Press Release No: 14
Date: 15 March 2016
Airlines are United for Wildlife
London – On behalf of the aviation industry, the International Air Transport Association (IATA) signed a declaration aimed at reducing the illegal trafficking of wildlife and underlining the aviation industry’s commitment to sustainability.
The interconnected air transport network is being exploited by criminal gangs to smuggle animals or their products from the killing field to the market place. The air transport industry can help stop this trade by providing additional intelligence to enforcement authorities about suspicious shipments.
“I can think of few other causes that galvanize more interest and support across the global transport and logistics sectors than the challenge of wildlife trafficking, said Tony Tyler, IATA’s Director General and CEO.
The ‘United for Wildlife’ initiative, created by the Royal Foundation of The Duke & Duchess of Cambridge & Prince Harry, invited representatives of the transport industry to Buckingham Palace to pledge their support. IATA, Airports Council International, the African Airlines Association and a number of individual airlines signed commitments aimed at raising awareness of the trafficking issue among passengers, and training staff to recognize and report suspicious packages and behavior.
The initial focus of action will be on the trafficking of high-risk protected animals, specifically certain big cats, pangolins, and ivory products, on high-risk routes, particularly originating from or transiting through East Africa.

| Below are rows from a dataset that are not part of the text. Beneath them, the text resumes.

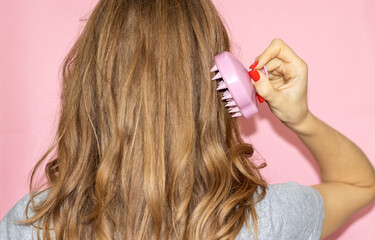 blonde hair girl woman holding ponytail up or silicone soft shampoo brush with bristles isolated on pink.hair growth stimulating scalp massage healthy long curly hair.young woman back view hands up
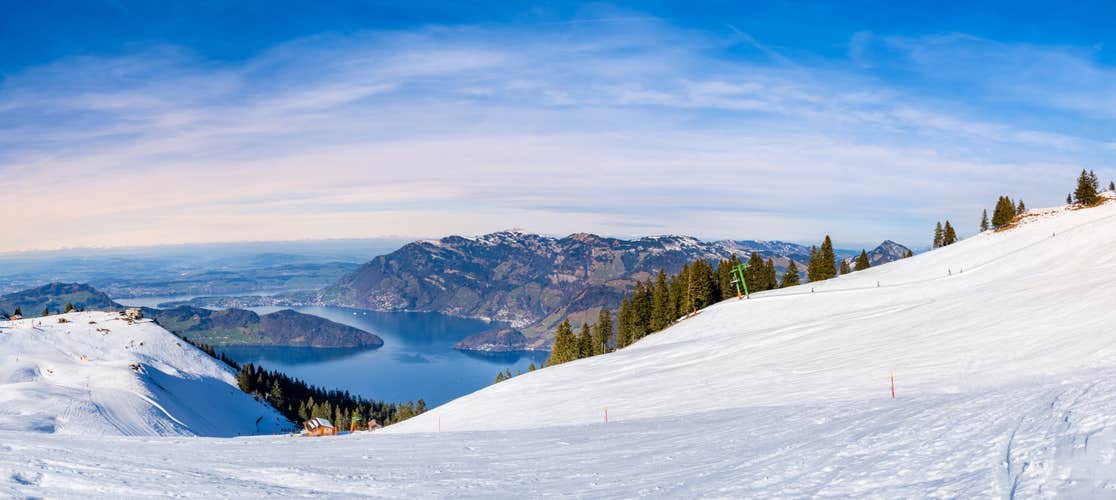 Panorama of Klewenalp mountains and Lake Lucerne or Vierwaldstattersee from mountain peak covered with snow. Popular ski resort in Swiss Alps and winter sport attraction in Switzerland in winter.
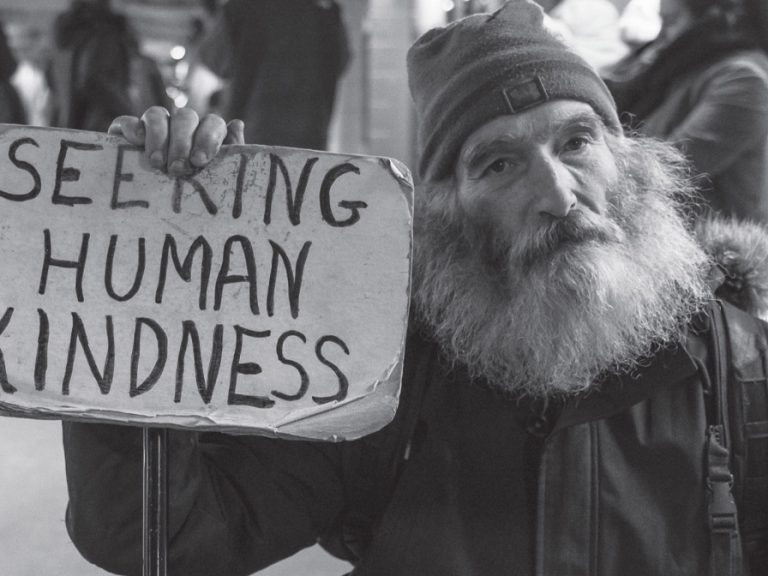 A black and white photo of a homeless man with a big beard wearing a hat and holding up a sign that says "Seeking human kindness"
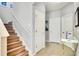 Stairway with wood-look laminate flooring at 491 Las Fuentes Dr, Kissimmee, FL 34746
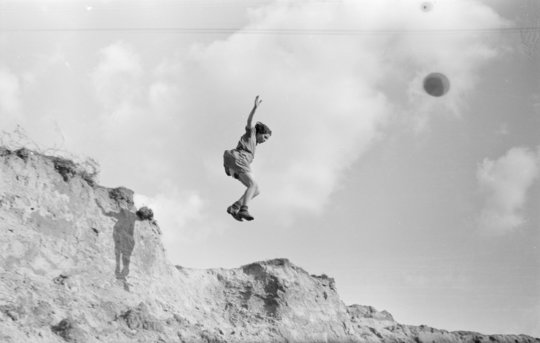 Sem PresserGirl jumping off a duneThe Netherlands, 1944Once again Presser is very much aware of the shadows.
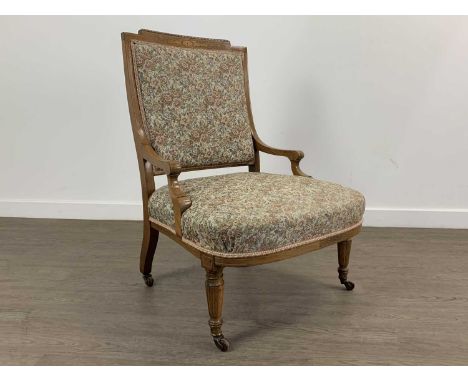 LATE VICTORIAN ROSEWOOD NURSING CHAIR, on ceramic castors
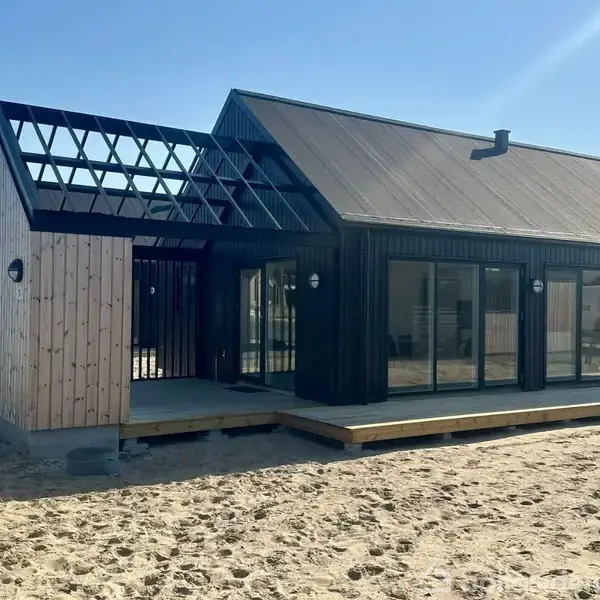 Et moderne feriehus med skråt tag og store glaspartier står på sandet grund. Teksten på billedet siger: "Modelfoto fra tilsvarende feriehus."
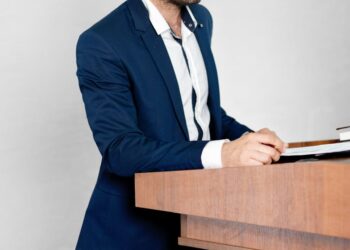 SEC Chair Gary Gensler speaks at a podium about cryptocurrency regulation.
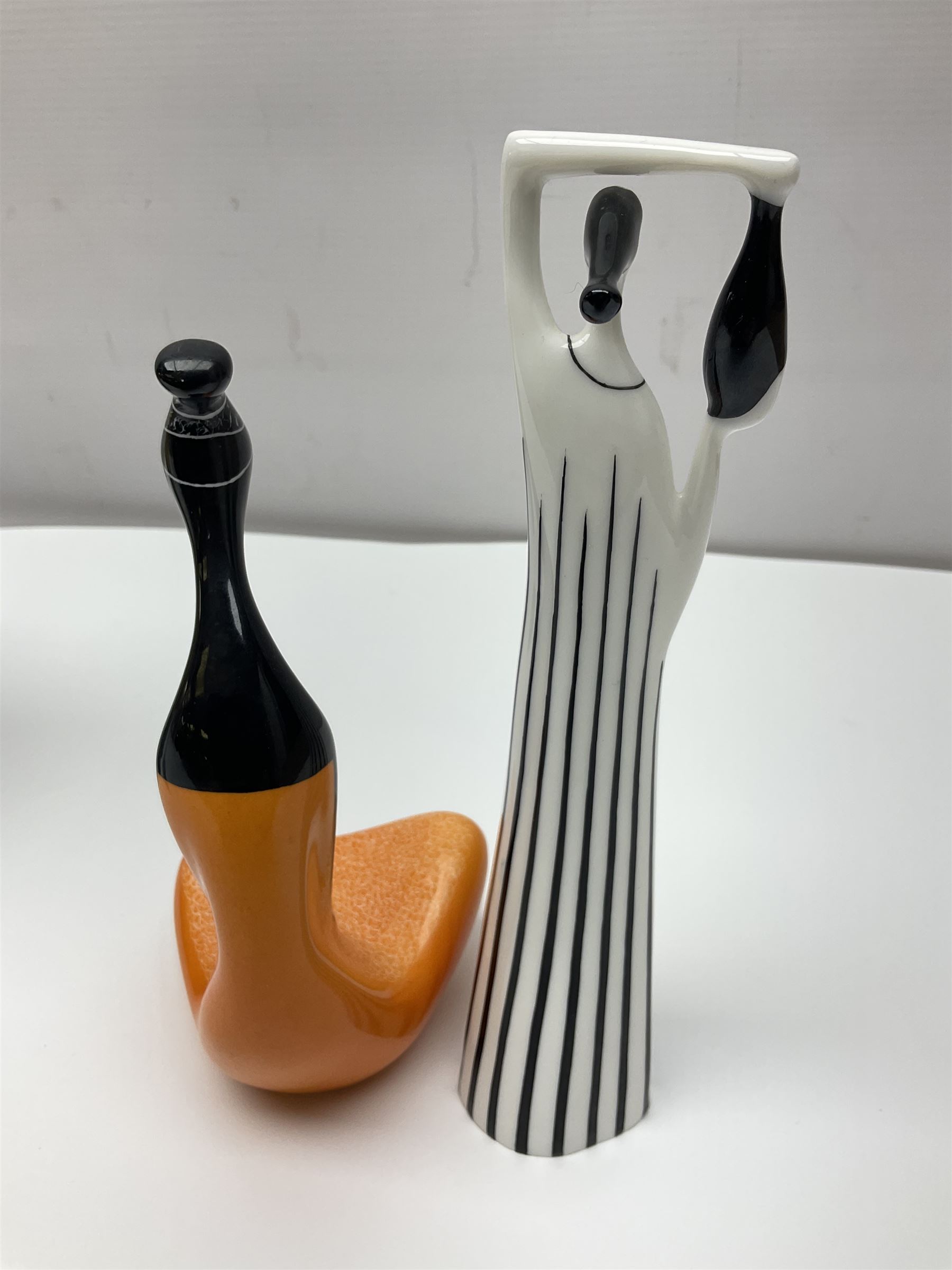 Dennis China Works vase with fluted rim together with three Cmielow figures and Beswick Silhouette vase of Girl with the Pearl earring, Beswick vase H22cm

“Today marks a step forward for environmental protection—a commitment that we take very seriously. In the 1990’s the industry came together to address noise. More recently we joined forces to manage our impact on climate change—committing as an industry to carbon-neutral growth from 2020 and to cut net emissions to half the 2005 levels by 2050. We now extend that commitment to playing an active role in reducing illegal trafficking of wildlife. We will collaborate in support of government enforcement authorities to put an end to this evil trade,” said Tony Tyler, IATA’s Director General and CEO.
Cooperation with enforcement authorities and international conservation organizations such as the Convention on International Trade in Endangered Species (CITES) has already begun. Two awareness-raising workshops for airline and airport staff have been held at international airports in Nairobi and Bangkok. In addition, IATA joined the US Agency for International Development’s (USAID) Reducing Opportunities for Unlawful Transport of Endangered Species (ROUTES) Partnership. New guidance material for airlines has been published, and an IATA Environment Committee Wildlife Taskforce has been set up to monitor progress and provide advice on the next steps.